Note, I was hoping to access the docker container via the container's IP address i.e. 172.21.0.4 and then simply add a hostname entry to my hosts file, but accessing containers by IP address doesn't work on Mac.
docker-compose.yml
version: '3'
services:
mysql:
container_name: mysql
build: ./mysql
environment:
- MYSQL_DATABASE=example_dev
- MYSQL_USER=test
- MYSQL_PASSWORD=test
- MYSQL_ROOT_PASSWORD=0000
ports:
- 3307:3306
phpmyadmin:
container_name: myadmin
image: phpmyadmin/phpmyadmin
ports:
- 8080:80
links:
- "mysql:db"
apache_site1:
container_name: apache_site1
build: ./php-apache
ports:
- 80:80
volumes:
- ../:/var/www/html
links:
- mysql:db
./php-apache/Dockerfile
FROM php:7-apache
COPY ./config/php.ini /usr/local/etc/php/
EXPOSE 80
thanks in advance
Your problem is best handled using a reverse proxy such as nginx. You can run the reverse proxy on port 80 and then configure it to route requests to the specific site. For example,
http://example.dev/site1 route to site1 at http://example.dev:8080
http://example.dev/site2 route to site2 at http://example.dev:8081
And thus you run your sites on ports 8080, 8081...
Specific solution
Based on the docker-compose file in the question. Edit the docker-compose.yml file, adding this service:
nginx-proxy:
image: jwilder/nginx-proxy
ports:
- "80:80"
volumes:
- /var/run/docker.sock:/tmp/docker.sock:ro
Then, change the apache_site1 service in this way:
apache_site1:
container_name: apache_site1
build: ./php-apache
volumes:
- ../:/var/www/html
links:
- mysql:db
environment:
- VIRTUAL_HOST=apache-1.dev
Run the docker-compose file and check that your apache-1 website is reachable:
curl -H 'Host: apache-1.dev' localhost
Or use the Chrome extension as described below.
More websites
When you need to add more websites, just add an apache_site2 entry like you want and be sure to set a VIRTUAL_HOST environment variable in its definition.
Generic solution
Use a single nginx with multiple server entries
If you don't want to use a reverse proxy with a subpath for each website,
you can setup a nginx reverse proxy listening on you host 80 port, with one server entry for each site/container you have.
server {
listen 80;
server_name example-1.dev;
location / {
proxy_pass http://website-1-container:port;
proxy_set_header Host $host;
proxy_set_header X-Real-IP $remote_addr;
}
}
server {
listen 80;
server_name example-2.dev;
location / {
proxy_pass http://website-2-container:port;
proxy_set_header Host $host;
proxy_set_header X-Real-IP $remote_addr;
}
}
... and so on
Then, you can use the Host header to request different domains to your localhost without changing your /etc/hosts:
curl -H 'Host: example-2.dev' localhost
If you're doing web development, and so you need to see web pages, you can use a browser extension to customize the Host header at each page request.

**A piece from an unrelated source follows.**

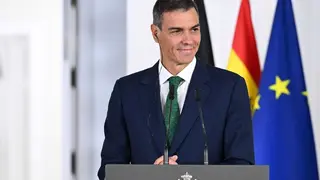 El presidente del Gobierno, Pedro S&aacute;nchez, en una comparecencia en Moncloa | Foto de Pool Moncloa/Borja Puig de la Bellacasa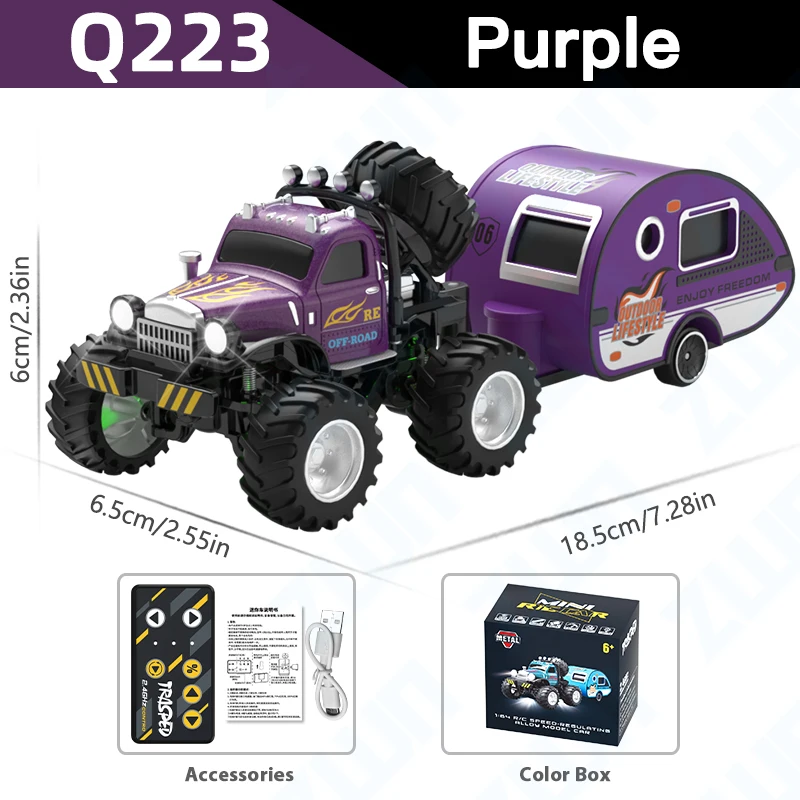 (q223 Morado) Mini Camión Teledirigido 1:64, Modelo De Coche Teledirigido De Metal, Juguete Para Niños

Already made solution with nginx and docker services
Use a docker-compose file with all your and use the jwilder/nginx-proxy image that will auto configure a nginx proxy for you using environment variables. This is an example docker-compose.ymlfile:
version: "3"
services:
website-1:
image: website-1:latest
environment:
- VIRTUAL_HOST=example-1.dev
website-2:
image: website-2:latest
environment:
- VIRTUAL_HOST=example-2.dev
nginx-proxy:
image: jwilder/nginx-proxy
ports:
- "80:80"
volumes:
- /var/run/docker.sock:/tmp/docker.sock:ro
Apache solution
Use apache virtual hosts to setup multiple websites in the same way described for nginx. Be sure to enable the Apache ProxyPreserveHost Directive to forward the Host header to the proxied server.